Tahoe Fire & Fuels Team to begin Tahoe Basin fall prescribed fire programSeptember 23rd, 2019
Tahoe Fire and Fuels Team
September 23, 2019
Tahoe Fire & Fuels Team to begin Tahoe Basin fall prescribed fire program
Contact: USDA Forest Service, Lisa Herron (530) 543-2815
LAKE TAHOE, Calif./Nev. – The Lake Tahoe Basin Fall Prescribed Fire Program may begin as early as September 24, 2019, under the management of the Tahoe Fire & Fuels Team (TFFT), which includes local, state and federal fire and land management agencies. Weather and conditions permitting, California State Park crews may begin prescribed fire operations in Burton Creek State Park near Tahoe City and in a couple of weeks move to D.L. Bliss State Park near Tahoma. Smoke will likely be present. A map with project locations and details is available for viewing at tahoe.livingwithfire.info/get-informed/ (scroll down to view map). To receive email prescribed fire notifications, send a request to email@example.com and you will be added to the Prescribed Fire Notification List.
“Above 6,000 feet at Lake Tahoe, the forest fuel moisture and weather conditions may allow for burning in late September,” said Rich Adams, California State Parks Forester II. “In addition to the environmental conditions, current wildfire activity and availability of standby firefighters are always part of the decision to initiate prescribed burning.”
Prescribed fire managers use different methods to reintroduce fire back into our forests that include pile burning and understory burning. Pile burning is intended to remove excess fuels (branches, limbs and stumps) that can feed unwanted wildfires and involves burning slash piles that are constructed by hand and mechanical equipment. Understory burning is low intensity prescribed fire that takes place on the ground (the understory) rather than pile burning. Understory burning uses a controlled application of fire to remove excess vegetation under specific environmental conditions that allow fire to be confined to a predetermined area. Understory burning produces fire behavior and fire characteristics required to attain planned fire and resource management objectives.
Fall and winter bring cooler temperatures and precipitation, which are ideal for conducting prescribed fire operations. Each operation follows a specialized prescribed fire burn plan, which considers temperature, humidity, wind, moisture of the vegetation, and conditions for the dispersal of smoke. All of this information is used to decide when and where to burn.
Smoke from prescribed fire operations is normal and may continue for several days after an ignition depending on the project size and environmental conditions. Prescribed fire smoke is generally less intense and of much shorter duration than smoke produced by wildland fires.

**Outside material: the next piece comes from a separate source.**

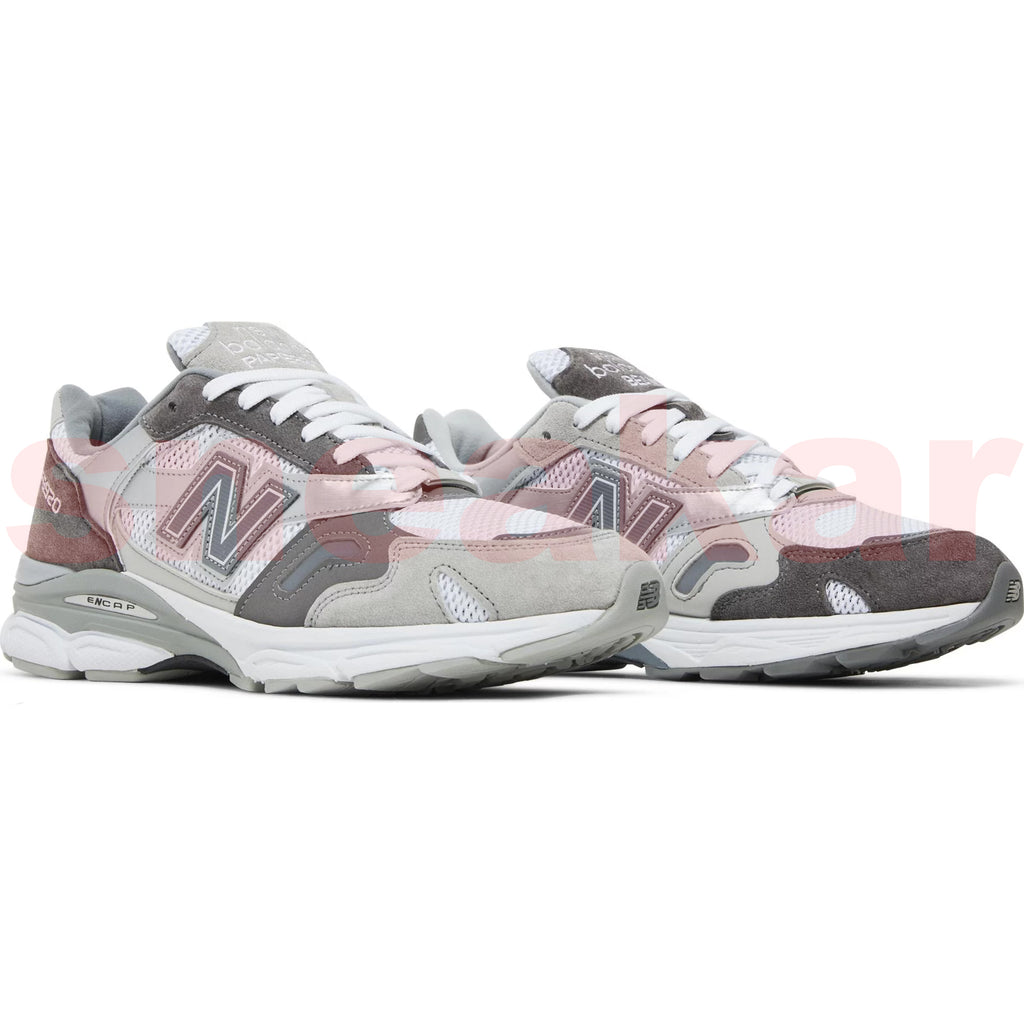 [M920PPB] New Balance Mens X BEAMS X PAPERBOY M920PPB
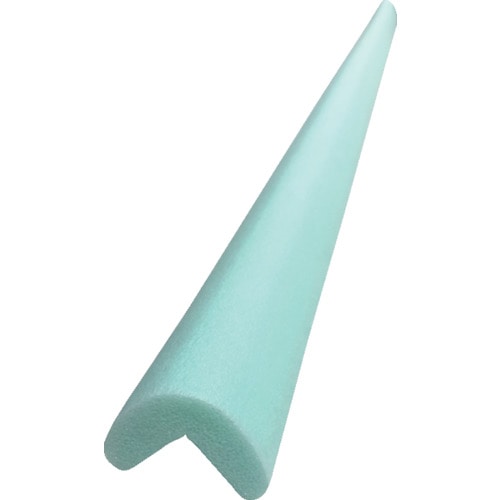 トラスコ中山 MF 安心ガードST型M900(ご注文単位1袋)【直送品】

“Prescribed fire is an important part of restoring forest resilience,” said USFS Forest Supervisor, Jeff Marsolais. “We recognize smoke can be an impact to some community members once fire is on the ground, but the importance of removing excess vegetation now, before a catastrophic fire, cannot be understated.”
Agencies coordinate closely with local, county and state air pollution control districts and monitor weather conditions carefully prior to prescribed fire ignitions. They wait for favorable conditions that will carry smoke up and disperse it away from sensitive areas. Crews also conduct test burns before igniting a larger area, to verify how effectively materials are consumed and how smoke will travel.
Before prescribed fire operations are conducted, agencies post road signs around areas affected by prescribed fire, send email notifications and update the local fire information line maintained by the USDA Forest Service at 530-543-2816. The TFFT gives as much advance notice as possible before burning, but some operations may be conducted on short notice due to the small window of opportunity to conduct these operations.
Please keep in mind that residential burning on private property in the Tahoe Basin is currently suspended. For information about private land fire restrictions in California, which are regulated by the California Department of Forestry and Fire Protection (CALFIRE), visit www.calfire.ca.gov. For information about private land fire restrictions in Nevada, which are regulated by North Lake Tahoe and Tahoe Douglas fire protection districts, visit www.tahoefire.org/ or www.nltfpd.net/. To learn more about the benefits prescribed fire, visit tahoe.livingwithfire.info/getinformed/understanding-fire/.
About the Tahoe Fire and Fuels Team
The Tahoe Fire and Fuels Team (TFFT) consists of representatives of Tahoe Basin fire agencies, CAL FIRE, Nevada Division of Forestry and related state agencies, University of California and Nevada Cooperative Extensions, the Tahoe Regional Planning Agency, the USDA Forest Service, conservation districts from both states, the California Tahoe Conservancy and the Lahontan Regional Water Quality Control Board. Our Mission is to protect lives, property and the environment within the Lake Tahoe Basin from wildfire by implementing prioritized fuels reduction projects and engaging the public in becoming a Fire Adapted Community.